To effectively debug or prototype a SCHISM run (or any MPI-based Azure Batch task), use an interactive "dummy wait" strategy. This allows you to board the exact compute node where the job is deployed to troubleshoot environment issues or test command sequences in real-time.
The first step in prototyping is to submit your Batch job using a modified YAML configuration or command. Instead of executing the actual SCHISM run immediately, replace the primary command with a wait command.
- Purpose: This keeps the task in a "Running" state indefinitely, preventing Azure Batch from terminating the task and shutting down the compute node.
- Cost Awareness: Remember that while the node is "waiting," you are being charged for the compute time (e.g., approximately $4.00/hour for an H-series node).
Once the node is in the "Running" state, you must create a user account to log in via SSH.
- Navigate to the Nodes view in the Azure Portal or Azure Batch Explorer.
- Select the specific node and click Add User.

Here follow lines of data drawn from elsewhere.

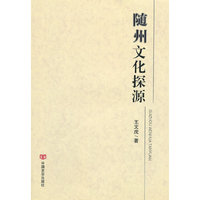 随州文化探源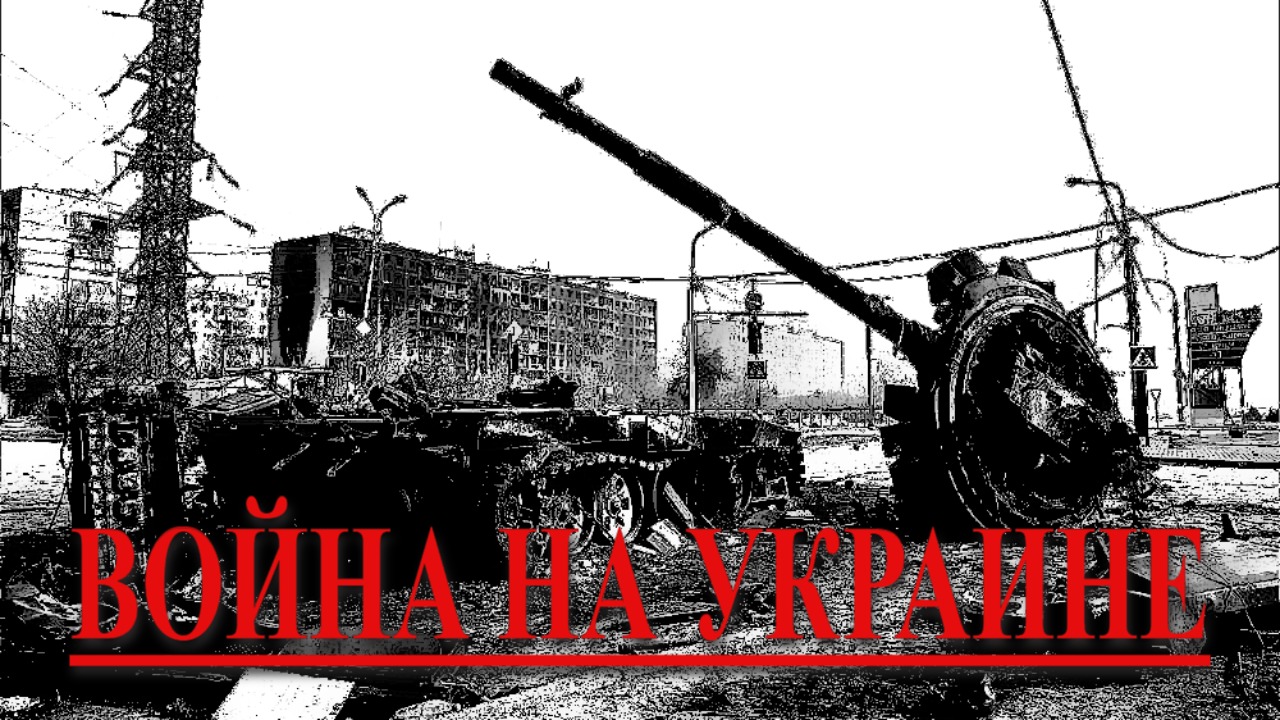 Налёт БПЛА на Крым. смотреть онлайн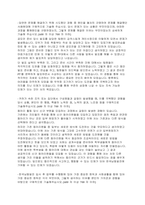 한국남동발전 기계 합격 자기소개서-2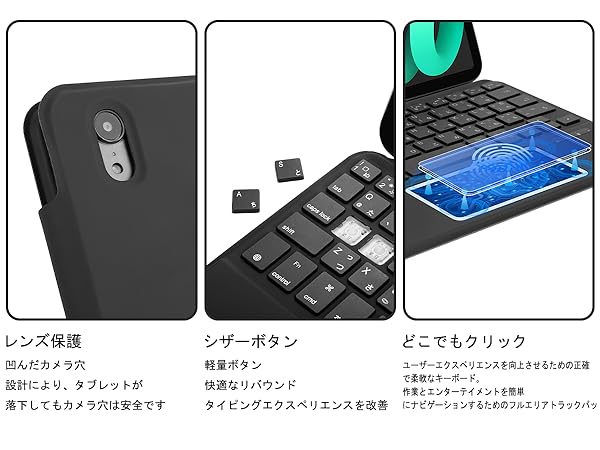 Amazon.co.jp: MePadKey JIS日本語平假名配列キーボードケース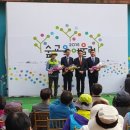 어울림숲연구소 네이버블로그
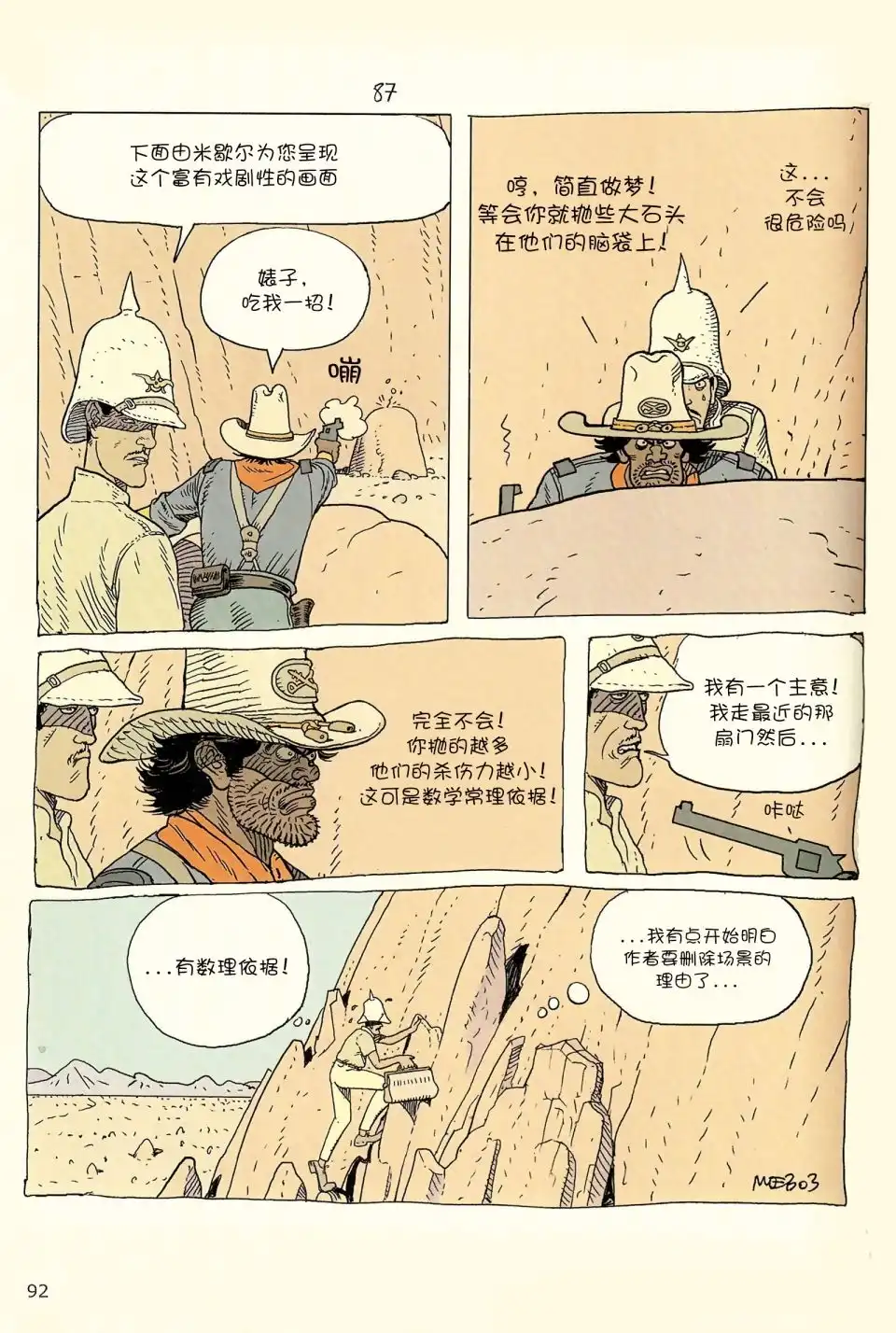 第90页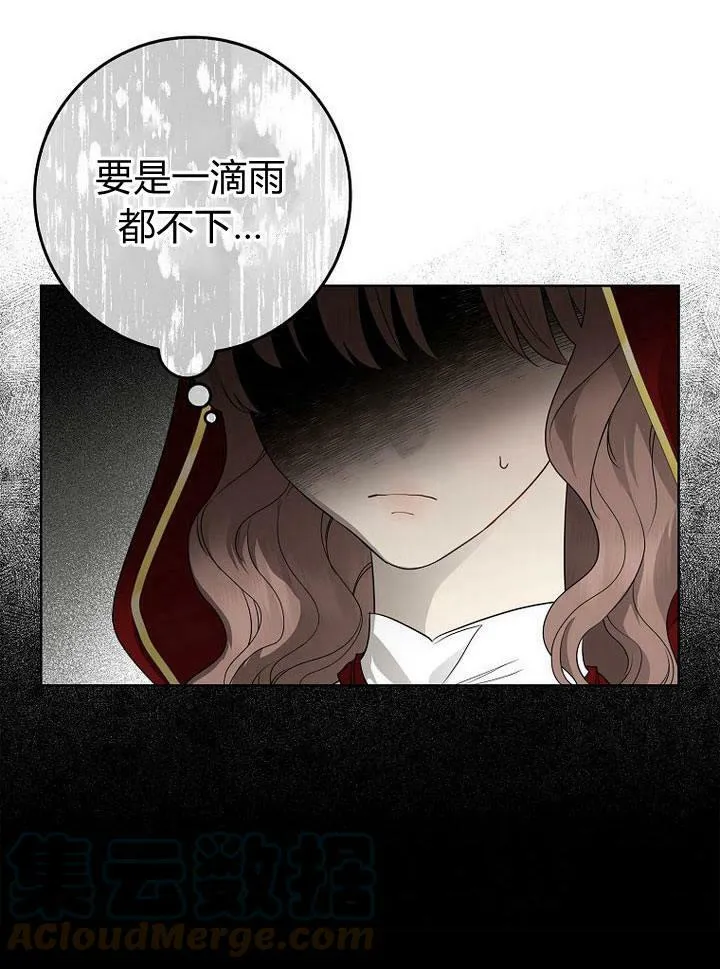 第19话112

- Configuration: Specify a username and password. It is highly recommended to grant the user Administrative (sudo) privileges so you can manage root-level directories or install missing dependencies if needed.
- Expiry: You can set an expiry time for the user (default is often 24 hours), after which the credentials will lapse.
Visual Studio Code is the preferred tool for interacting with the node because it allows you to edit files and run terminals directly on the remote Linux environment.
- Host Information: Obtain the Public IP address of the node from the Azure Portal.
- SSH Configuration: Add a new entry to your VS Code SSH configuration file:
- Host Name: The node's IP address.
- User: The username you just created.
- Connection: Open a new window and connect to the host. When prompted, select Linux as the platform and enter the password you specified earlier.
Once logged in, navigate to the task working directory, typically located under:
/mnt/batch/tasks/workitems/[job_id]/[task_id]/wd
To replicate the automated Azure Batch environment and setup, execute the following scripts in order:
-
Source
env_vars.sh: This is a critical first step. Sourcing this file loads all necessary environment variables, module paths, and application settings required for SCHISM and MPI.source env_vars.sh -
Use
coordination_command.sh: Run this script to repeat the multi-node setup steps, such as configuring the host file for MPI and ensuring all nodes in the cluster are synchronized.bash coordination_command.sh
-
Use
application_command.sh: This script contains the actual execution logic. By running or modifying this script, you can manually triggerazcopycommands to bring in data or test thempiruncommand with specific flags.bash application_command.sh
Because the "wait" process keeps the node active, the pool will not automatically scale down. Once your prototyping is complete, you must manually delete the job or resize the pool to zero to stop the billing.